Fed investigation signaled Valley Investments’ demise

DENVER — Valley Investments in Grand Junction closed its doors May 20, 2009, after two frantic days in which employees helped owner Philip Rand Lochmiller carry out computers and company files after he acknowledged to them the company was under investigation, an employee testified Thursday.

Shawnee Carver, who has pleaded guilty to one count of conspiracy to commit securities fraud and mail fraud, told a federal court jury that Lochmiller at first told his employees he was shutting down the business, then called them on the night of May 19 to ask them to return to work the next day.

He had a little more time — until June 1 — Lochmiller told his staff, according to Carver.

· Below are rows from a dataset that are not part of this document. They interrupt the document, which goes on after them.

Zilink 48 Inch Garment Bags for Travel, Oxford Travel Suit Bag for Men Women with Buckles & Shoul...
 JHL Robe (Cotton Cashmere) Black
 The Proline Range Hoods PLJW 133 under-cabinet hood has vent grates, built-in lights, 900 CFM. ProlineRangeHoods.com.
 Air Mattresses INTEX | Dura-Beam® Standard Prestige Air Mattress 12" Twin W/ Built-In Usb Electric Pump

She told Lochmiller she couldn’t represent the company as being open, knowing it would close June 1, Carver testified. The upshot was, “They closed the business” on May 20, Carver said.

That began the series of events in which more than 400 investors as far away as the United Kingdom learned that Valley Investments, along with $30 million in investor funds, was no more.

Carver said she notarized documents without seeing people sign them, but she said she never notarized a document she knew to have been forged.

At the behest of Lochmiller and his son, also Philip Rand Lochmiller, she told investors the company was thriving when they called to ask about it. Usually following the lead of the Lochmillers, she told them Valley Investments’ niche product of low-income housing was doing well even in a down economy, Carver testified.

“I would repeat whatever junior and senior were saying to investors,” she testified, using the shorthand references to the Lochmillers.

Both Lochmillers could be difficult to deal with, but she looked up to the elder Lochmiller, Carver testified. She had faith the company would survive even after regulators closed it down, she said.

During Carver’s testimony, the elder Lochmiller could be seen writing on a white legal pad, apparently filling several pages with small handwriting.

Pressed by defense attorney Tom Hammond about her plea agreement and the potential benefit of avoiding a prison term, Carver said she was indeed testifying “out of the goodness of my heart. I would have testified without being charged with anything.”

Carver identified both Lochmillers’ signatures on several documents, including a 1985 plea agreement signed by the elder Lochmiller in which he pleaded guilty to securities fraud in California.

The jury was instructed that it could consider the plea agreement only in connection with a current allegation of conspiracy to commit securities fraud.

The younger Lochmiller acted as head of the Valley Investments office with the power to hire and fire employees, and he sometimes presented himself to investors as the owner of Valley Investments, Carver said.

Carver acknowledged she sometimes notarized documents without watching them being signed and did so when directed by the younger Lochmiller.

She said the younger Lochmiller was in charge of installing a new accounting and payment system in the office at 1445 N. Seventh St.

As the local and national economies worsened in early 2009, Valley Investments became a less-pleasant place to work, but employees were not permitted to acknowledge that, Carver said.

“We were told to be positive and energetic” and not to tell investors that business had slowed as much as it had, Carver testified.

A couple in England invested with Valley Investments in 2008 after an email exchange in which she told them the company was selling an average of 10 lots per month, even though she knew that to be untrue, Carver testified.

One investor, Debra Kahn, testified after Carver that she became worried about the prospects for her investments and confronted the elder Lochmiller directly in his office, hoping he would return her investment. She leaned forward on the edge of her chair to impress upon Lochmiller the importance of her investment, Kahn said.

“He made eye contact and held my gaze and said, ‘Your money could not be in better hands,’ ” Kahn told the jury.

Mollified, she left her investment there.

“I was completely taken in,” she said.

Now 58, Kahn said she has taken a job driving a truck in the oil fields of North Dakota in hopes of reassembling the retirement fund she lost with the collapse of Valley Investments.

The trial before U.S. District Judge Philip A. Brimmer is to resume Monday and last four more weeks.